Another little note to let you know I'm listening to your silence.
wenda and firebird,
wow... i am blown away by you coming here to leave a note... i feel humbled by this kindness .... you two are amazing women of heart and mind (to quote joni mitchell). I think i may be coming "out of the forest" in a bit and actually writing about what i've been through. as usual, it seems to include torturous trials followed by impossible miracles. you two women fit the second description. thank you again for being here with me through my difficulties.
big hugs,
snowsparkle
hope your "gardening" is yielding good results. I keep checking in, hoping for a blossom...
know you're being thought of
sweet pauline, thank you for coming here to check on me... i feel amazingly lucky to have your friendship here. the thing i've looked forward to is getting time again to write and read my favorite blogs... but on top my my stuff, my family and friends are having health issues and i've been pulled in a few more directions. i'm hoping the spring brings my rebirth to blogland.
big hugs,
snowsparkle
not to worry - just keep up with the weeding and the replanting and you'll be fine.
Write when you can - we can wait
Nah.
Much ado about not so much.
Us, the plants, he gardener, we're all so little...
Now as for the expertise of the gardener, if he keeps the roots wet with water and uses a sharp instrument, the plants will both survive, just as we, after some of the most traumatic and devastating situations, revive to full energy again.
I have a friend, Ali Gal, a cousin/ blogging buddy, has a dog with non'working back legs.
A dashhundt at that.
She got it wheels that set under its hind quarters and it LIVES!
and Jerry (the dog) is HAPPY!
Nah.
Much ado about not so much.
Us, the plants, he gardener, we're all so little...
Now as for the expertise of the gardener, if he keeps the roots wet with water and uses a sharp instrument, the plants will both survive, just as we, after some of the most traumatic and devastating situations, revive to full energy again.
I have a friend, Ali Gal, a cousin/ blogging buddy, has a dog with non'working back legs.
A dashhundt at that.
She got it wheels that set under its hind quarters and it LIVES!

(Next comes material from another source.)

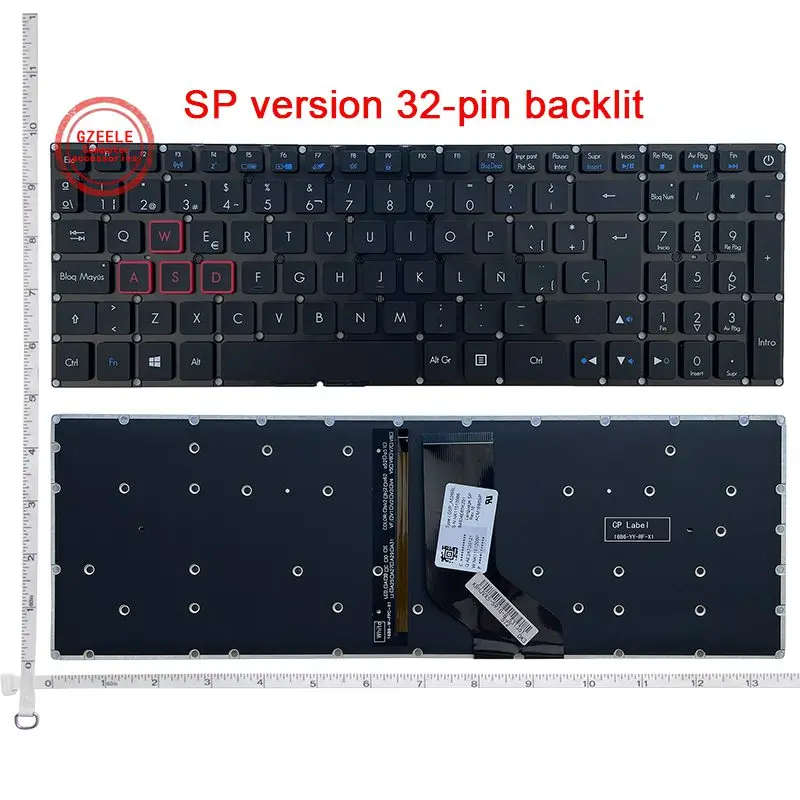 Eua para Acer Helios 300 G3571 G3-572 G3-57272yf Ph317-51 Ph315-51 Ph317-52 N17c1 Nk. I1513.053 Teclado Retroiluminado ru sp br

and Jerry (the dog) is HAPPY!
Surely, a tough gig for the marriage counselor or anyone trying to loosen from the grips of something or someone. Loosening is possible without having to sever or cut.
hey boneman,
thanks for stopping by with your colorful story... i am picturing happy jerry wheeling around and am reminded of how resilient and adaptible we living creatures are. thanks for the encouragement.
big hugs,
snowsparkle
thanks for weighing in m. o. i.,
i appreciate your encouragement. it's odd that my inclination is to cut. perhaps i should investigate others accounts of thirty years of marriage and get a better barometer of ways to open it up some. big hugs,
snowsparkle
look at you, snowy. quite a river. your twists and eddies, trickles and falls. thinking of you.
norene!!! so great to see you here! i miss you! i miss your great writing. thanks for thinking of me and visiting my blog.
big hugs,
snowsparkle
lessee....
If your last post was Jan 11, then, this being March 23 means you're trying out one of those daylight savings time things only YOU'RE moving things ahead (behind?) a few months?